* _Description of the task_
Pictures aside, please retype the whole listing word for word.
__________________________________________________
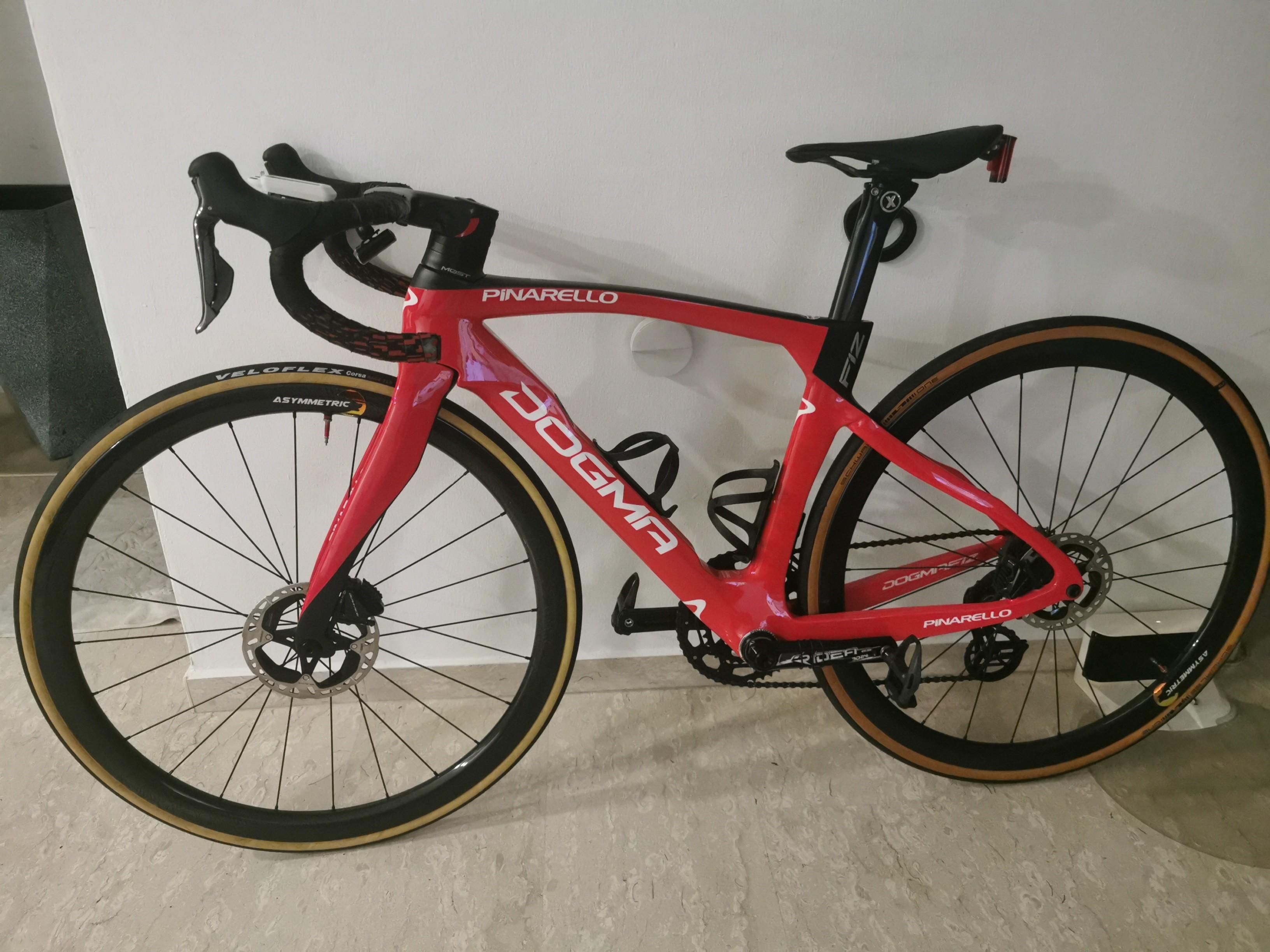 Dogma f12 sales size guide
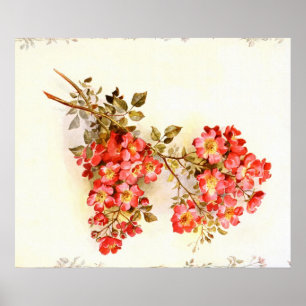 Gren med ro blommor anpassningsbar poster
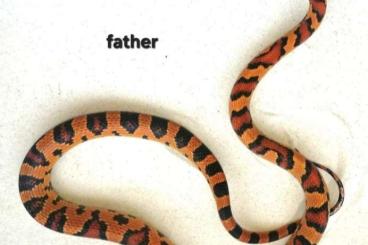Schlangen kaufen und verkaufen Foto: Pantherophis guttatus okeetee abbott's Schlangen kaufen und verkaufen Foto: Pantherophis guttatus okeetee abbott's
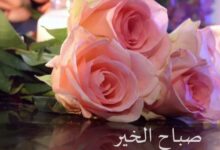 اجمل خلفيات صباح الخير 57 خلفيات صباح الخير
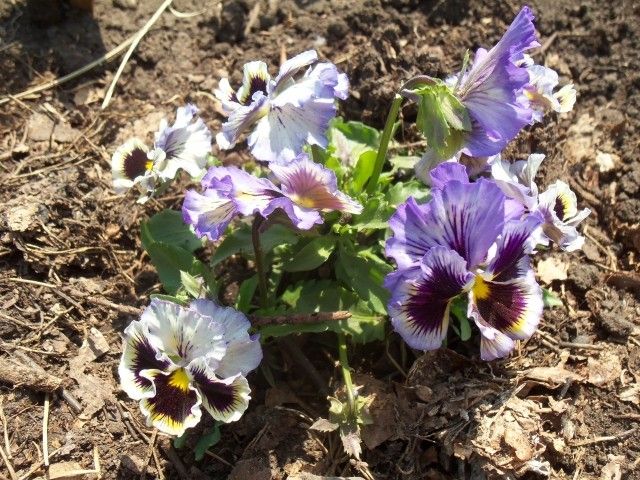 Изображение 003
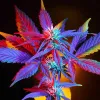 Lecciones del cannabis para el auge psicodélico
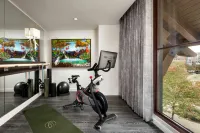 Grand Bohemian Lodge Greenville, Autograph Collection - Gym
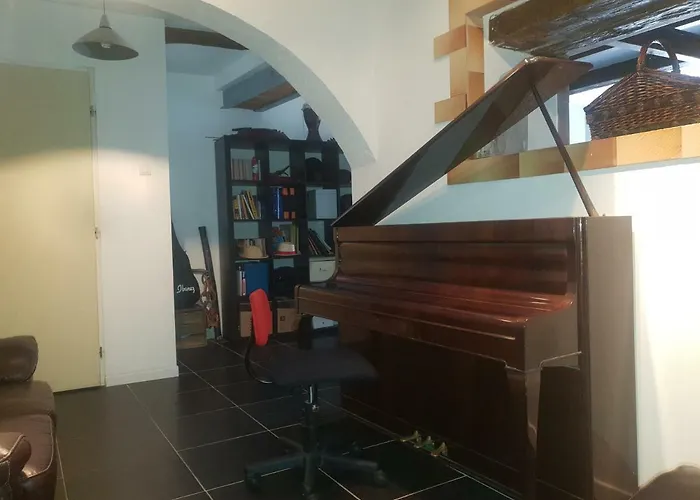 Animaux admis 13 Rue Jeanne D'Arc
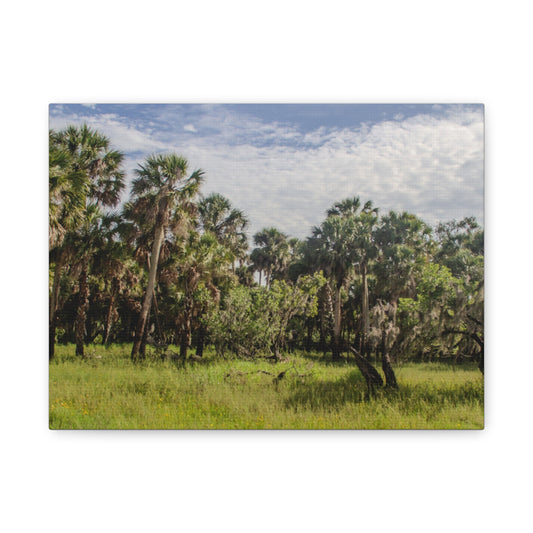 Palm Prairie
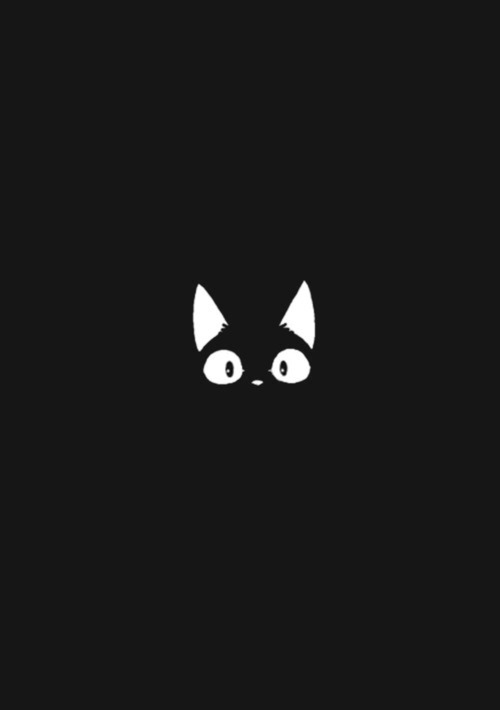 cat wallpaper on Tumblr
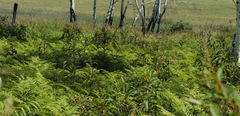 Pteridium latiusculum japonicum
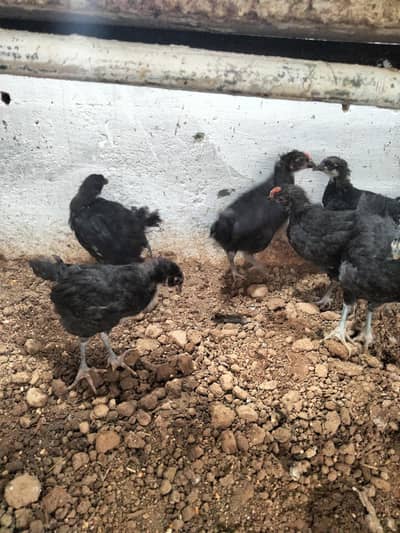 Australorp  chicks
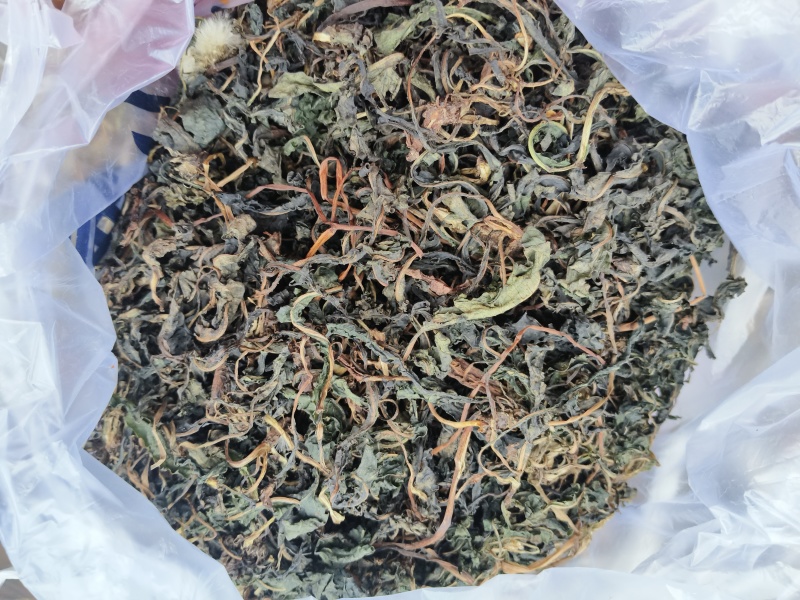 高山蒲公英自然生长，无污染，干净无质，自然凉晒。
__________________________________________________
* _Finished task_
 Dogma f12 sales size guide
 Gren med ro blommor anpassningsbar poster
Schlangen kaufen und verkaufen Foto: Pantherophis guttatus okeetee abbott's Schlangen kaufen und verkaufen Foto: Pantherophis guttatus okeetee abbott's
 اجمل خلفيات صباح الخير 57 خلفيات صباح الخير
 Изображение 003
 Lecciones del cannabis para el auge psicodélico
 Grand Bohemian Lodge Greenville, Autograph Collection - Gym
 Animaux admis 13 Rue Jeanne D'Arc
 Palm Prairie
 cat wallpaper on Tumblr
 Pteridium latiusculum japonicum
 Australorp  chicks
 高山蒲公英自然生长，无污染，干净无质，自然凉晒。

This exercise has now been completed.